= English and Welsh =

1955 J. R. R. Tolkien lecture

"English and Welsh" is J. R. R. Tolkien's inaugural O'Donnell Memorial Lecture of 21 October 1955. The lecture sheds light on Tolkien's conceptions of the connections of race, ethnicity, and language.

==Publication==
It was first published in Angles and Britons in 1963 and was republished in The Monsters and the Critics, and Other Essays in 1983.

==Contents==

Tolkien begins with an overview of the terms "British", "Celtic", "Germanic", "Saxon", "English" and "Welsh", explaining the last term's etymology in walha.

He gives his view of what makes a nation or "people" and the importance of language by quoting Icelandic priest and nationalist Sjéra Tómas Sæmundsson:

Languages are the chief distinguishing marks of peoples.
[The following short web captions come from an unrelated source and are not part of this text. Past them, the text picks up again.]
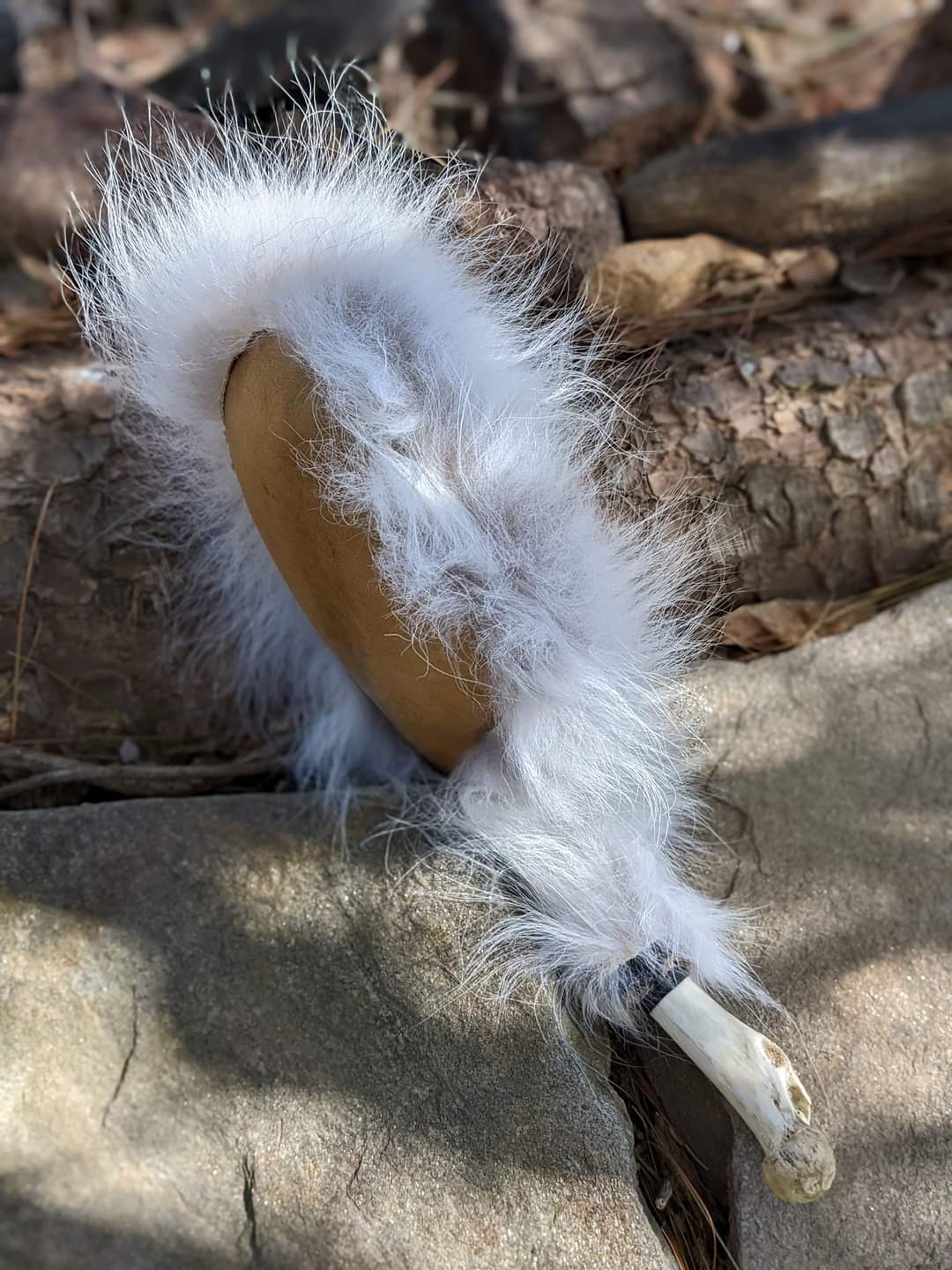 "Dog Shaman" Dream Rattle | Coyote Fur | Elk Hide | Deer Bone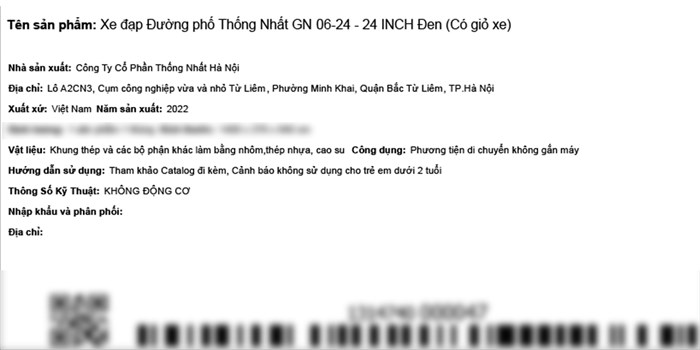 Xe Đạp Đường Phố City Thống Nhất GN 06-24 24 inch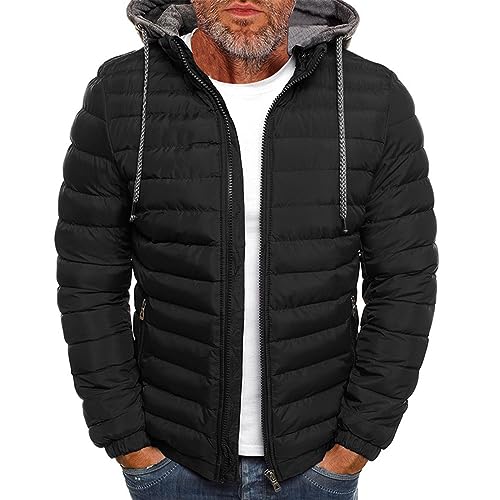 Leichte Steppjacke Herren Herbst Winter Herren Winterjacken Kapuze Steppjacke Herren Übergangsjacke Winterjacke Herren Windbreaker Herren Winterjacke Locker Lederjacke Herren Echtleder(1-Black,L) von DHYUEN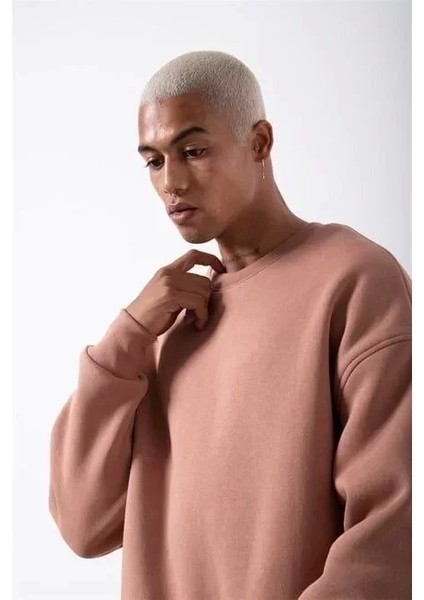 Unisex Biskilet Yaka Üç Iplik Sweatshirt - Pembe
No people in fact comes into being until it speaks a language of its own; let the languages perish and the peoples perish too, or become different peoples. But that never happens except as the result of oppression and distress.

Tolkien also addresses the historical language contact between English and Welsh since the Anglo-Saxon settlement of Britain, including Welsh loanwords and substrate influence found in English, and conversely English loanwords in Welsh. Comparing the Germanic i-mutation and the Celtic affection, Tolkien says:

The north-west of Europe, in spite of its underlying differences of linguistic heritage – Goidelic, Brittonic, Gallic; its varieties of Germanic; and the powerful intrusion of spoken Latin – is as it were a single philological province, a region so interconnected in race, culture, history, and linguistic fusions that its departmental philologies cannot flourish in isolation.

In the final part of the lecture Tolkien explores the concept of phonaesthetics, citing "cellar door" as a phrase recognised as sounding beautiful in English and adding that, to his own taste, in Welsh "cellar doors are extraordinarily frequent". Tolkien describes the working of phonaesthetics inherent in the moment of association of sound and meaning:

[T]his pleasure is felt most immediately and acutely in the moment of association: that is in the reception (or imagination) of a word-form which is felt to have a certain style, and the attribution to it of a meaning which is not received through it.

Tolkien alludes to his view that such tastes are inherited, "an aspect in linguistic terms of our individual natures. And since these are largely historical products, the predilections must be so too." To refer to such an inherited taste of language, Tolkien introduces the term "native tongue" as opposed to "cradle tongue".

== Influence ==
Tolkien notes in his lecture that "Most English-speaking people … will admit that 'cellar door' is beautiful, especially if dissociated from its sense and from its spelling. More beautiful than, say, 'sky', and far more beautiful than 'beautiful' … Well then, in Welsh, for me cellar doors are extraordinarily frequent." This interest in and appreciation of Welsh influenced his own invented languages, notably the Elvish language Sindarin.

This lecture is considered Tolkien's "last major learned work". There are several important aspects to it. First, it "includes a valuable contribution to the study of the place of Britons in Anglo-Saxon England". Secondly, it offers a warning against racial theories. Third, it presents Tolkien's hypothesis of "inborn" linguistic tastes, which then leads into a discussion of his own views of aesthetics in language. Finally, it provides a (correct) hypothesis on the origins of the word "w(e)alh", which in turn provides an explanation of what happened to Celtic when the Anglo-Saxons invaded.